Thanksgiving Point is currently updating its area plan to include 2,000 residential units. Traverse Mountain still has 2,000 to 2,500 residential units to be developed. This does not include Cold Spring Ranch, Holbrook Farms or the Geneva developments. While the housing market has slowed and developers are being more cautious, homes are still being built. The recession will only be a small bump in the road for Utah compared to other states.

Our responsibility as a government entity is to be a resource and facilitator for the business community. As we look at 2023, there is exciting news for small businesses.

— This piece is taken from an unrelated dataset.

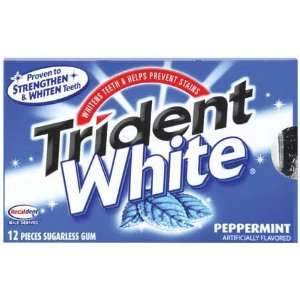 Trident White Peppermint Sugarless Gum   12 Pack  Grocery 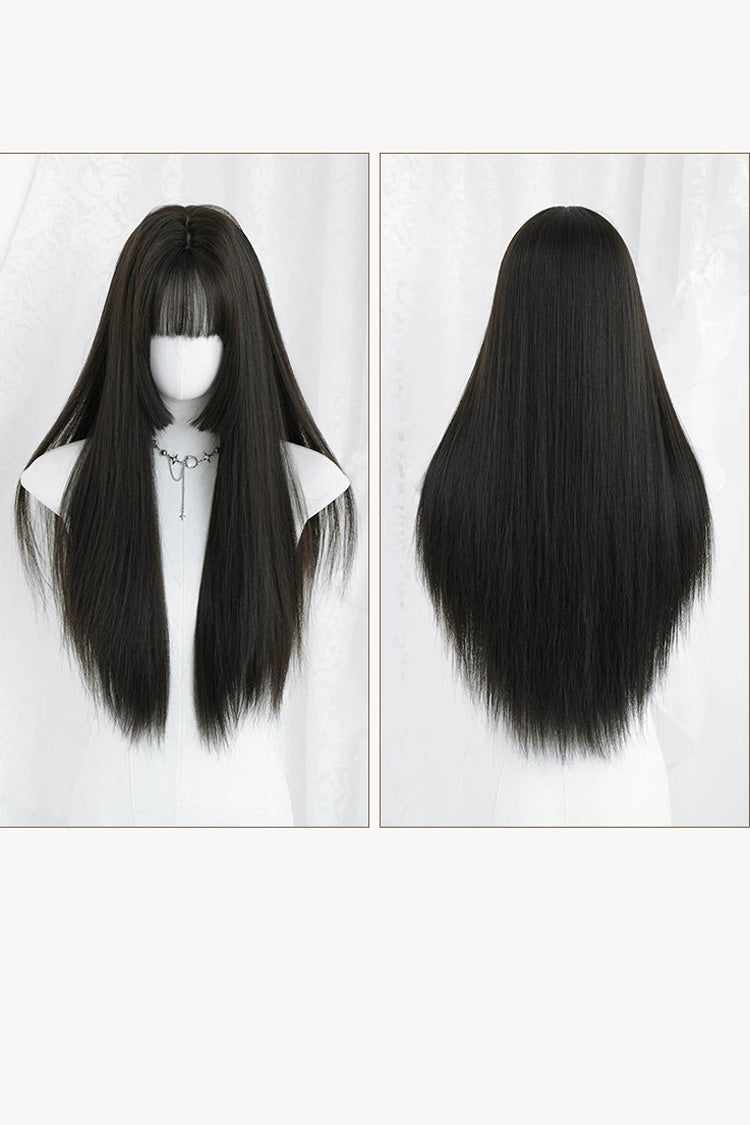 Black Brown Face-Framing Hime Cut Long Straight Wig with Full Bangs - Product - 8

The city has partnered with the Mountainland Association of Governments to create a Revolving Loan Fund for Lehi businesses. The loan fund is intended to serve businesses that have been in business for at least two years, are showing a profit and need working capital to get to the next level. This loan will provide an opportunity for a business that isn’t quite yet bankable to continue to grow. For more information, reach out to the city economic dwevelopment department at 385-201-1000.

We will see a new business norm emerge through 2023. I envision our robust economy will continue to grow, creating more jobs and a demand for retail and housing. While the nation will see a recession, all economic indicators for the state of Utah and Lehi show our growth will be healthy and controlled. The key to Lehi City’s success is indeed the secret sauce — placing emphasis on family, values and heritage. Lehi City is definitely “where it’s at.”